We decided to meet each other at a bar tucked away in Manhattan's West Village. Two drinks into our date, he got me to laugh and it takes a lot for me to laugh. Seeing him again was a no-brainer.

For our second date, he took me to dinner. He told me over Mexican food that three months prior, he had broken up with his ex-girlfriend of two years.

There was one moment while gobbling down those cupcakes that changed everything for me. "Watch me smear frosting all over myself," he said. He did. And then, he smeared some onto my face. I'm assuming it was because he was feeling all cutesy, but I just wasn't feeling it.

He took me to the park by my apartment afterwards, and it was there where we climbed up onto a rock and laid under the stars. My head rested on his arm. The whole thing was so serious. Serious and... orchestrated.

Friends, hear me when I say there was literally nothing wrong with this guy and I mean nothing, except for the fact that he had three cats (and you can't trust a man who has cats). But he was handsome -- strikingly handsome. I'm talking chiseled jawline, big, brown eyes and a football player-like stature.

He was an Ivy League alum. He came from a good family and had no criminal record (that I knew of, anyway). If anything, he was just a little too perfect for misfit Sheena.

I'm the kind of girl who doesn't try to make something more than it really is.

So when he followed up with me for a third date, I pulled a classic fuckgirl move. I told him I'm emotionally unavailable (which is true, although I suppose that'd change for the right person). And that was that; I didn't hear from him or speak to him again.

But then a month and a half passed. One day, I was sitting in bed, coffee in hand, scrolling through my Facebook newsfeed when, lo and behold, there he was, hand-in-hand with another girl. They were standing together in front of a museum doing some couple-y looking stuff and it looked like she had already met the parents -- well, at least one -- because the caption read, "Thanks, Dad," which means his dad must've taken the picture. 

The evidence was compelling; the last guy I dated was now in a serious relationship with someone else and there was no disputing it.

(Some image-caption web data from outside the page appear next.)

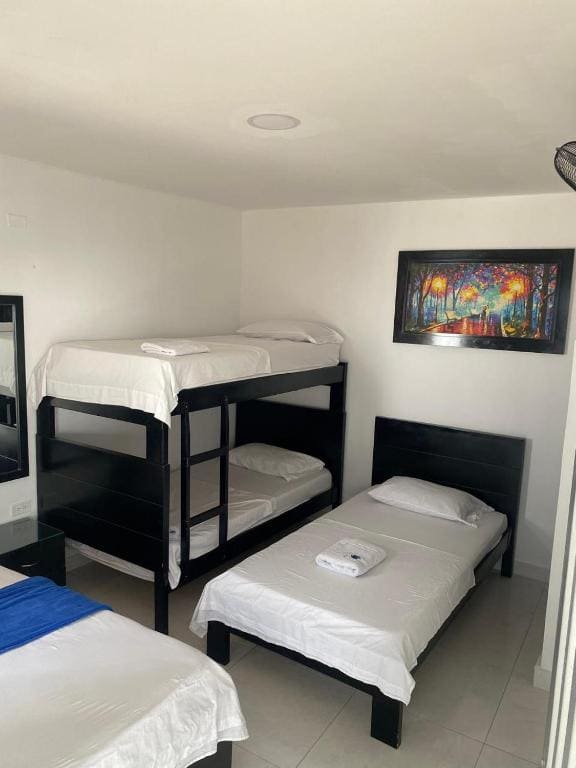 Family Cabin on Boat room - Image 1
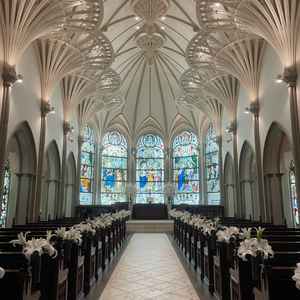 天井が高く厳かな雰囲気があり、非日常を感じられる迫力のある大聖堂だと感じました。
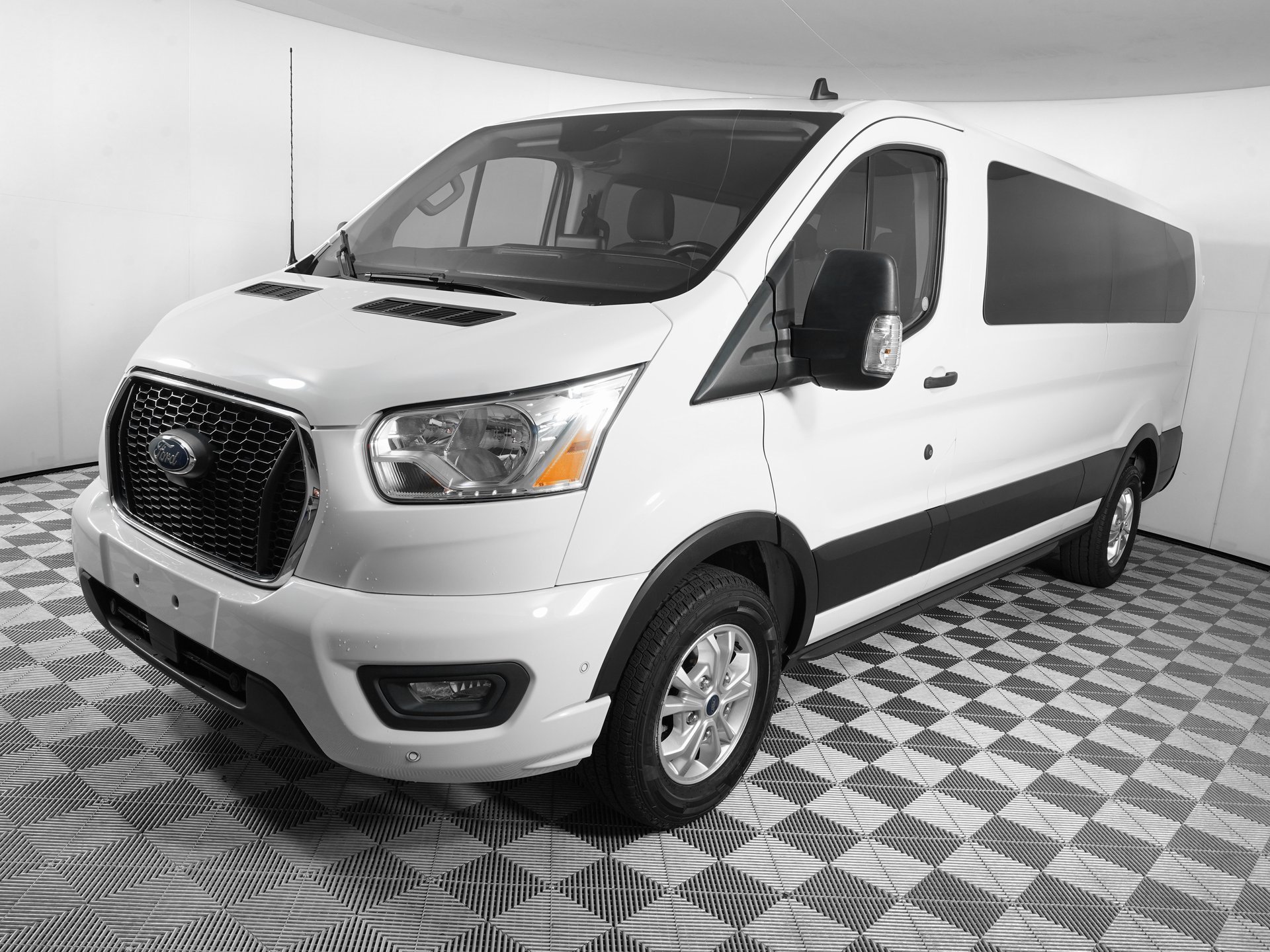 Used 2021 Ford Transit 350 XLT image 8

Already? But it had only been a matter of weeks since our last date. Hmmm. This guy seemed to be jumping from one girlfriend to the next faster than Taylor Swift goes through boyfriends, and something clicked in my mind: Only a "relationship guy" would act in such a way.

And all of a sudden, everything made sense. Like the cupcake thing and the park thing. See, there was no conversational spark that warranted a cupcake smear. The gestures kind of just came out of nowhere, and they didn't feel natural. They felt... unnatural. Rehearsed, almost. It was the sort of thing you see the love interest do to his lady love in a movie because it's considered conventionally romantic.

Mr. Perfect was a "relationship guy," and I could smell it from the moment he walked through the door on our very first date.

They say everything happens for a reason, and I'm pretty sure it's a blessing in disguise that we didn't work out. Because he never really liked me. He just liked the idea of me. He was a serial boyfriend, a relationship hopper, the kind of guy who pulled out corny moves for girls who might not even be into corny.

I'm the kind of girl who doesn't try to make something more than it really is. The kind who needs more than three months to get over a two-year relationship.

The kind who knows exactly what she wants and won't stop looking until she finds it.